Welser-Möst: Erschlagen und euphorisiert zugleich. Ich hatte
Angst und freute mich darauf. Es ist natürlich immer auch ein sportiver Moment
dabei.
DIE WELT: Anderseits sind Sie Zürich sehr treu. Warum?
Welser-Möst: Weil es schön ist, wenn man irgendwo auf der
Welt eine Vertrauensbasis hat. In London war das kompliziert, ich war zu
jung, das Orchester, das viel Geld selbst einspielen muss, in einer schwierigen
Situation. Es ist wie mit Kleinkindern: Aus Fehlern lernt man schneller.
Ich habe dort hilflos drei Intendanten und zwei lange Zwischenphasen erlebt.
Da fällt man oft auf die Nase. Um wieder aufzustehen.
DIE WELT: Wer hat Sie beraten?
Welser-Möst: Ich mich allein. Ich wusste, dass ist so ein
Moment, wo ich aufhören muss, das geht so nicht weiter. Ich habe früher bei
Proben oft dem Karajan zusehen dürfen und gesehen: Der ist ein furchtbar
einsamer Mann. Ich möchte diesen Preis nicht zahlen müssen - nur um an der
Spitze zu stehen! Einige Monate später kam das Angebot aus Zürich. Ehrgeizig
bin ich schon, also habe ich es mir angeschaut. Und schnell gemerkt: das
ist die ideale Spielwiese. Ich wollte immer zur Oper. In Zürich habe ich
in sechs Jahren 25 Premieren dirigiert. Da lernt man einiges - und hat viel
Abwechslung.
DIE WELT: Ist das nicht altmodisch gedacht?
Welser-Möst: Schon Wolfgang Sawallisch hat mir gesagt, dass
er am meisten gelernt habe, als er in Augsburg in zwei Spielzeiten dreißig
Operetten dirigieren musste. Das ist Handwerk. Das ist für unseren Beruf
so wahnsinnig wichtig.
DIE WELT: Wie wird das mit Cleveland weitergehen?

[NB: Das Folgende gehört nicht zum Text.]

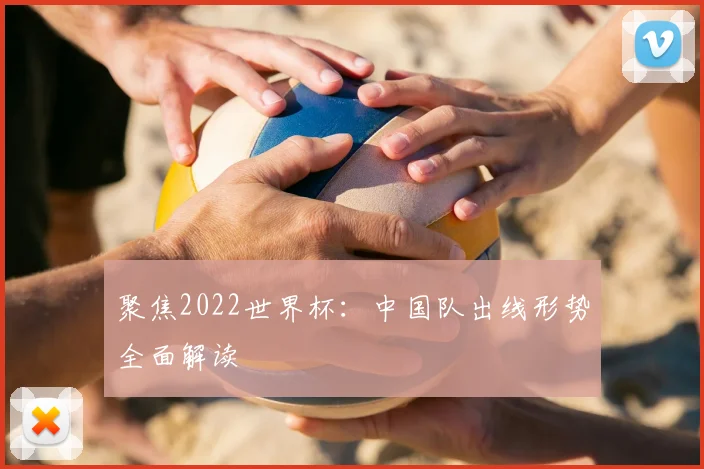 聚焦2022世界杯：中国队出线形势全面解读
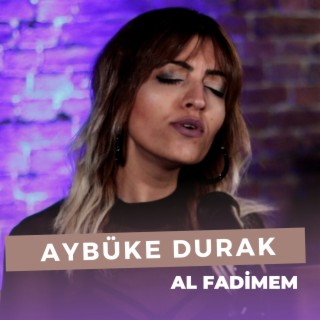 Al Fadimem (Aybüke Durak)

Welser-Möst: Ich werde mich nicht beim Kontinente-Hopping
aufreiben wie mancher Kollege. Ich reduziere in Zürich auf zwei Premieren
und 30 Vorstellungen, werde zunächst drei Jahre als Erster Gastdirigent zur
Verfügung stehen. Doch mein Opernbein gebe ich nie auf. Ich bin bekennender
Vokalfetischist. Wenn die Oper funktioniert, ist es das schönste überhaupt
- und wenn nicht: das Grauenvollste!